_Required work_.
Go through the entries below and print, exactly, the lines starting at the one with "VOLCOM frondly fire" and ending at the one with "More Photos Of", keeping both ends and no others.

_Listed entries_.
···

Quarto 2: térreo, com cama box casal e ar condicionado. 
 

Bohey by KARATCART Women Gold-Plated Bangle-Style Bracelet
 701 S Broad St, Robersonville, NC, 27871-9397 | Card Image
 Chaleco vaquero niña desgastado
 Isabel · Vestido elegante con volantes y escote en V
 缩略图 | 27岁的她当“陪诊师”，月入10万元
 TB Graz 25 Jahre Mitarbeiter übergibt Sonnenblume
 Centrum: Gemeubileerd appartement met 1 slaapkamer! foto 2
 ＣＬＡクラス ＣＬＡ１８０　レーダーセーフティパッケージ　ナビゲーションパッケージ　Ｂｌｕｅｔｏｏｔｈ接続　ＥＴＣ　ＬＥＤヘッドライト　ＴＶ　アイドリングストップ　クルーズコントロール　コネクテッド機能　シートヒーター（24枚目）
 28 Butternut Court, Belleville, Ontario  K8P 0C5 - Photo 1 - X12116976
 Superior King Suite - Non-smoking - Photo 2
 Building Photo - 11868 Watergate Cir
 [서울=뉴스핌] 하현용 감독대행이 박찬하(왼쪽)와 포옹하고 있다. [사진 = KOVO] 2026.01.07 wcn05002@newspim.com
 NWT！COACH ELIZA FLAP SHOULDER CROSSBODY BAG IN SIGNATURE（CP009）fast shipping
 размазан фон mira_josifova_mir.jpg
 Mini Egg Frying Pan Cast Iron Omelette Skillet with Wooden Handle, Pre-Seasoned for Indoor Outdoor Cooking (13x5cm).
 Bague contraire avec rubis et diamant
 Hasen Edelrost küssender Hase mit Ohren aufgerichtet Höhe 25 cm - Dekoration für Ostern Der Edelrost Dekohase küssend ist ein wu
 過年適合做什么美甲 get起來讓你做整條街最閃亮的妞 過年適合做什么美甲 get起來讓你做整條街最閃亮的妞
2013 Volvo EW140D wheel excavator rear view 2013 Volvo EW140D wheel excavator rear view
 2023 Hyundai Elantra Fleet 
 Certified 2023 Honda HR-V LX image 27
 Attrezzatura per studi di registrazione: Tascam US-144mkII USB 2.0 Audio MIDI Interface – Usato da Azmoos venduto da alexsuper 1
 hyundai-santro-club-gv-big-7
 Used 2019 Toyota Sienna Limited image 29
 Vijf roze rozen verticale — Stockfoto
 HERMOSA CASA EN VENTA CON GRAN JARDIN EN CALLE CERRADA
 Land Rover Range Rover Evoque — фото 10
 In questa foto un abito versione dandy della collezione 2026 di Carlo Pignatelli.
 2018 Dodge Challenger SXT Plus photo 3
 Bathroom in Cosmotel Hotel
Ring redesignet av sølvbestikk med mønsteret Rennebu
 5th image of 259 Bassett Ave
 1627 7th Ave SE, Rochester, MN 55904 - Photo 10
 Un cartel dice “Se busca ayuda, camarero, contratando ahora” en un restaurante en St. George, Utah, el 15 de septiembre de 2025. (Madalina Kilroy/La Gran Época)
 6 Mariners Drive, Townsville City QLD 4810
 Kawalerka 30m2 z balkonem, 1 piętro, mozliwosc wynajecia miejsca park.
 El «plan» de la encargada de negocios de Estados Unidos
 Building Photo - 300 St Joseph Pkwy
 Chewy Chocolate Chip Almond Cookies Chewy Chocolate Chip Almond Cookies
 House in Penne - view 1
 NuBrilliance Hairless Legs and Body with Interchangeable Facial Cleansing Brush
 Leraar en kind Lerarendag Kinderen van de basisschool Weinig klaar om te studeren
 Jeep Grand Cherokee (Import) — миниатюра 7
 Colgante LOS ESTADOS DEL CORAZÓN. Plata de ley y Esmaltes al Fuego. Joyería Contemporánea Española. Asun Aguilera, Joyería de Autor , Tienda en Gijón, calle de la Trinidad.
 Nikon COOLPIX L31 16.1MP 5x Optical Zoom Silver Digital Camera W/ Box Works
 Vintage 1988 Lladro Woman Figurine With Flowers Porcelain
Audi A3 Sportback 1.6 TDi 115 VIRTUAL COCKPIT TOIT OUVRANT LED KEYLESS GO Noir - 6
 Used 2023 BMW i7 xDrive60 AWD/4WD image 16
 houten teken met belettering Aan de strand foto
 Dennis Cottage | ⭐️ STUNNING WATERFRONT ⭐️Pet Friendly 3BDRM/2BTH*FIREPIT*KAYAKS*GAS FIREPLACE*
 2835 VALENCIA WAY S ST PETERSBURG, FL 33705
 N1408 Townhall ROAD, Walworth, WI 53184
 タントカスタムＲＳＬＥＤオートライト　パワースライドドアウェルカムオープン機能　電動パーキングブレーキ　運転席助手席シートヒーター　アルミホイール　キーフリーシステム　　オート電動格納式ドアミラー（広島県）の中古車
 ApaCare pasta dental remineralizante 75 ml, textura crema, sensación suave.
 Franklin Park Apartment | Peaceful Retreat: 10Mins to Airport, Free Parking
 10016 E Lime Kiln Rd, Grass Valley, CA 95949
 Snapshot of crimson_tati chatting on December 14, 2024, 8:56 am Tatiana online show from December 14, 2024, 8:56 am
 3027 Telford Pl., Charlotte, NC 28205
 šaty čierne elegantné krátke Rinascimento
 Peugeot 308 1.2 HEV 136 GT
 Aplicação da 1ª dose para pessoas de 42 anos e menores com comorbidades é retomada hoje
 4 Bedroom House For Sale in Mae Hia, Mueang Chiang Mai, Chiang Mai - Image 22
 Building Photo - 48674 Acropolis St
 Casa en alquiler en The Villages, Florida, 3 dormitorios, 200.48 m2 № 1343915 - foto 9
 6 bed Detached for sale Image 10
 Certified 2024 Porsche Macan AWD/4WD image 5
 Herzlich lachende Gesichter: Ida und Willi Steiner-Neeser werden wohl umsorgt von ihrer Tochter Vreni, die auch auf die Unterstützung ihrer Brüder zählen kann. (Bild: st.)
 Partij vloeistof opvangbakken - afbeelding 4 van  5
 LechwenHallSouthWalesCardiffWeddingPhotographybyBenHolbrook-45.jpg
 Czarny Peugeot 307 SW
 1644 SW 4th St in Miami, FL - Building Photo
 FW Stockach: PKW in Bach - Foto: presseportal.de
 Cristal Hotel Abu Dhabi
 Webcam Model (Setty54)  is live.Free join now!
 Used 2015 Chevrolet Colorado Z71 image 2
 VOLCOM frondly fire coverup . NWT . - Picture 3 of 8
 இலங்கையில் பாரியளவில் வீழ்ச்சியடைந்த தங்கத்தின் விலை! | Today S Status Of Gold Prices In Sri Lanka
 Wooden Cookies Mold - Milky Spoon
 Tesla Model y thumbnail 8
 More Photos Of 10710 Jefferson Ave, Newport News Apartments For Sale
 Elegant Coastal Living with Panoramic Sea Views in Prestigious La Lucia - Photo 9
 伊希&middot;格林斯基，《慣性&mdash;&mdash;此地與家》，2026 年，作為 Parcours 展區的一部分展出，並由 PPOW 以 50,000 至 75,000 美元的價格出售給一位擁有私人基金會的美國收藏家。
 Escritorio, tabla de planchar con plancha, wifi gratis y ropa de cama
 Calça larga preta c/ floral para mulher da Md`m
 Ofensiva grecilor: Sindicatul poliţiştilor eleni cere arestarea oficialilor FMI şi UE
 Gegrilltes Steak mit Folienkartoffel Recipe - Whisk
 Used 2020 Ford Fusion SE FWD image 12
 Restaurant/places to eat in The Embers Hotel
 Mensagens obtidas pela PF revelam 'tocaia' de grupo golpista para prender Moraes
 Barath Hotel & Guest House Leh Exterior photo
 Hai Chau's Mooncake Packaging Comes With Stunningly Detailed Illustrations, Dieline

···

_Exercise answer_.
 VOLCOM frondly fire coverup . NWT . - Picture 3 of 8
 இலங்கையில் பாரியளவில் வீழ்ச்சியடைந்த தங்கத்தின் விலை! | Today S Status Of Gold Prices In Sri Lanka
 Wooden Cookies Mold - Milky Spoon
 Tesla Model y thumbnail 8
 More Photos Of 10710 Jefferson Ave, Newport News Apartments For Sale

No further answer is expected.